Caption-style text data:

--

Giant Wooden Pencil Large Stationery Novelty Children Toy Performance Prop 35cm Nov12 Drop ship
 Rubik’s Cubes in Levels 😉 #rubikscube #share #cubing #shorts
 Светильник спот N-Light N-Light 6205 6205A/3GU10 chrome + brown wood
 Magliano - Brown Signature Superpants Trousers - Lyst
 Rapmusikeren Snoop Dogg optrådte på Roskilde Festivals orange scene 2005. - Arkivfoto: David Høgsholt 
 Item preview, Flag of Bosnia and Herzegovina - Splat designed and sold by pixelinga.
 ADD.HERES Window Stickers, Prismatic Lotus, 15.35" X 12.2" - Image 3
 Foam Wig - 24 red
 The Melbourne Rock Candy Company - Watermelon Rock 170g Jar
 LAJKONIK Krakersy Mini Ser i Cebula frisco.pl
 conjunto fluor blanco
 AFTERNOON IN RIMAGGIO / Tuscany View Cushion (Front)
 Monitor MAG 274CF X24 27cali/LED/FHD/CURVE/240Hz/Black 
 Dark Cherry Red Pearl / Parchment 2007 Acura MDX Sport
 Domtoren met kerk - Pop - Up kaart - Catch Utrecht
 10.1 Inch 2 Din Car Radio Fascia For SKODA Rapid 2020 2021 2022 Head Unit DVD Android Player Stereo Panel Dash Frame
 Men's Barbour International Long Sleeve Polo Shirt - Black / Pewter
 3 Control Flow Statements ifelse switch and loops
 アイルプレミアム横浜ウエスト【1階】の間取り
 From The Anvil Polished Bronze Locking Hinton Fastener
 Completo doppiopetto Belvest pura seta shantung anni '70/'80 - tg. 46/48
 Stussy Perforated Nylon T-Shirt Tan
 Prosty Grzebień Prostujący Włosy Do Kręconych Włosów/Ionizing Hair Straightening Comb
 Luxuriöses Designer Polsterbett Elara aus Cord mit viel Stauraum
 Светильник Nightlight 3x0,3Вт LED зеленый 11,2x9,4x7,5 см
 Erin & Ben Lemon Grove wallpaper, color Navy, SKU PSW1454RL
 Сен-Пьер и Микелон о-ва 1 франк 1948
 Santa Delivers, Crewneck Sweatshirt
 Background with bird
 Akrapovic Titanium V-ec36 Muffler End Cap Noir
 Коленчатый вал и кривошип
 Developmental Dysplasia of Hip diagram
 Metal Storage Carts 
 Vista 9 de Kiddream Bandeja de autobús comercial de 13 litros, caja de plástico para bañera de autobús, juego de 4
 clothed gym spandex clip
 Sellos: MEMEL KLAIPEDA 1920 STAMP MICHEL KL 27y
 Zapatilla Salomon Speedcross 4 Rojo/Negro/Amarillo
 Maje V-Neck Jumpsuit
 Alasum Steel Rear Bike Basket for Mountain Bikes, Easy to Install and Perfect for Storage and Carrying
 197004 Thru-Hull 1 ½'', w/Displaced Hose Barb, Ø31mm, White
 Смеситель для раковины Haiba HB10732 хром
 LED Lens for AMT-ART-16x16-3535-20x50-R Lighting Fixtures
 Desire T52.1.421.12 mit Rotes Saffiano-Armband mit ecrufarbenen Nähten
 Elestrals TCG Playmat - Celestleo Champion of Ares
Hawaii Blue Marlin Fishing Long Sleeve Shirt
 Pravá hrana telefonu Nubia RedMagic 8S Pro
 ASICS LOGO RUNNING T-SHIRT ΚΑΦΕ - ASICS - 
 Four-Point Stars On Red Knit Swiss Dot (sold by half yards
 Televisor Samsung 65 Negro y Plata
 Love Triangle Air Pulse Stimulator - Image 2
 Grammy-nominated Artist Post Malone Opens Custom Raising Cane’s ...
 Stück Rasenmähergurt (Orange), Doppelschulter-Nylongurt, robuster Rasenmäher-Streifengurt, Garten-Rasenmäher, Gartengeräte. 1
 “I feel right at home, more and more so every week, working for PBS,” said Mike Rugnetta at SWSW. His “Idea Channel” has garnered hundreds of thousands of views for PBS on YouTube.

--

▸ YOUR INSTRUCTIONS: Extract all of the data shown above without alteration.

▸ SOLUTION FOR THIS PROBLEM:
Giant Wooden Pencil Large Stationery Novelty Children Toy Performance Prop 35cm Nov12 Drop ship
 Rubik’s Cubes in Levels 😉 #rubikscube #share #cubing #shorts
 Светильник спот N-Light N-Light 6205 6205A/3GU10 chrome + brown wood
 Magliano - Brown Signature Superpants Trousers - Lyst
 Rapmusikeren Snoop Dogg optrådte på Roskilde Festivals orange scene 2005. - Arkivfoto: David Høgsholt 
 Item preview, Flag of Bosnia and Herzegovina - Splat designed and sold by pixelinga.
 ADD.HERES Window Stickers, Prismatic Lotus, 15.35" X 12.2" - Image 3
 Foam Wig - 24 red
 The Melbourne Rock Candy Company - Watermelon Rock 170g Jar
 LAJKONIK Krakersy Mini Ser i Cebula frisco.pl
 conjunto fluor blanco
 AFTERNOON IN RIMAGGIO / Tuscany View Cushion (Front)
 Monitor MAG 274CF X24 27cali/LED/FHD/CURVE/240Hz/Black 
 Dark Cherry Red Pearl / Parchment 2007 Acura MDX Sport
 Domtoren met kerk - Pop - Up kaart - Catch Utrecht
 10.1 Inch 2 Din Car Radio Fascia For SKODA Rapid 2020 2021 2022 Head Unit DVD Android Player Stereo Panel Dash Frame
 Men's Barbour International Long Sleeve Polo Shirt - Black / Pewter
 3 Control Flow Statements ifelse switch and loops
 アイルプレミアム横浜ウエスト【1階】の間取り
 From The Anvil Polished Bronze Locking Hinton Fastener
 Completo doppiopetto Belvest pura seta shantung anni '70/'80 - tg. 46/48
 Stussy Perforated Nylon T-Shirt Tan
 Prosty Grzebień Prostujący Włosy Do Kręconych Włosów/Ionizing Hair Straightening Comb
 Luxuriöses Designer Polsterbett Elara aus Cord mit viel Stauraum
 Светильник Nightlight 3x0,3Вт LED зеленый 11,2x9,4x7,5 см
 Erin & Ben Lemon Grove wallpaper, color Navy, SKU PSW1454RL
 Сен-Пьер и Микелон о-ва 1 франк 1948
 Santa Delivers, Crewneck Sweatshirt
 Background with bird
 Akrapovic Titanium V-ec36 Muffler End Cap Noir
 Коленчатый вал и кривошип
 Developmental Dysplasia of Hip diagram
 Metal Storage Carts 
 Vista 9 de Kiddream Bandeja de autobús comercial de 13 litros, caja de plástico para bañera de autobús, juego de 4
 clothed gym spandex clip
 Sellos: MEMEL KLAIPEDA 1920 STAMP MICHEL KL 27y
 Zapatilla Salomon Speedcross 4 Rojo/Negro/Amarillo
 Maje V-Neck Jumpsuit
 Alasum Steel Rear Bike Basket for Mountain Bikes, Easy to Install and Perfect for Storage and Carrying
 197004 Thru-Hull 1 ½'', w/Displaced Hose Barb, Ø31mm, White
 Смеситель для раковины Haiba HB10732 хром
 LED Lens for AMT-ART-16x16-3535-20x50-R Lighting Fixtures
 Desire T52.1.421.12 mit Rotes Saffiano-Armband mit ecrufarbenen Nähten
 Elestrals TCG Playmat - Celestleo Champion of Ares
Hawaii Blue Marlin Fishing Long Sleeve Shirt
 Pravá hrana telefonu Nubia RedMagic 8S Pro
 ASICS LOGO RUNNING T-SHIRT ΚΑΦΕ - ASICS - 
 Four-Point Stars On Red Knit Swiss Dot (sold by half yards
 Televisor Samsung 65 Negro y Plata
 Love Triangle Air Pulse Stimulator - Image 2
 Grammy-nominated Artist Post Malone Opens Custom Raising Cane’s ...
 Stück Rasenmähergurt (Orange), Doppelschulter-Nylongurt, robuster Rasenmäher-Streifengurt, Garten-Rasenmäher, Gartengeräte. 1
 “I feel right at home, more and more so every week, working for PBS,” said Mike Rugnetta at SWSW. His “Idea Channel” has garnered hundreds of thousands of views for PBS on YouTube.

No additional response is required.